Don’t answer that either. I already know the answer: Because every once in a while, preschool kids pee themselves. Or throw a tantrum because there’s no string cheese in the car. Or suddenly look down at their feet and realize they’re not wearing Princess Tiana socks and they just CAN’T FACE THE WORLD WITHOUT THEIR PRINCESS TIANA SOCKS!
Yesterday, I was determined to take the kids on a couple of errands without stuffing my pockets with an arsenal of snacks and emergency wardrobe options. I got halfway to the door before turning back for two water bottles, a pack of crackers, some beef jerky, a toy train and a small Avengers notebook/crayon set.
We were only leaving the house for an hour, but I felt the need to pack an Apocalypse Survivor Starter Kit.

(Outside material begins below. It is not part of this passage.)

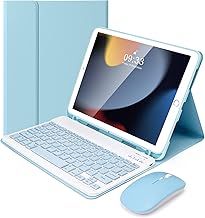 Lively Life Bluetooth Keyboard Case with Mouse - iPad 10.2/Pro 10.5/Air 3, Built-in Pen Holder - Blue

It sounds ridiculous that I can’t venture out into public without an arsenal of snacks and diversionary tactics, but it’s not ridiculous. It’s better parenting through paranoia. This is what goes through my head when I’m prepping a trip into the Great Unknown (AKA Target) with the kids:
What if we’re sitting in traffic and the kids demand to doodle? Better pack some crayons and paper.
What if we’re standing in line and their blood sugar crashes? Better pack some gummy bears.
What if there’s a potty emergency but only one toilet in the store being occupied by a childless guy who doesn’t understand the urgency of the phrase, “daddy, I think I need to go potty now.” Better pack an extra change of clothes.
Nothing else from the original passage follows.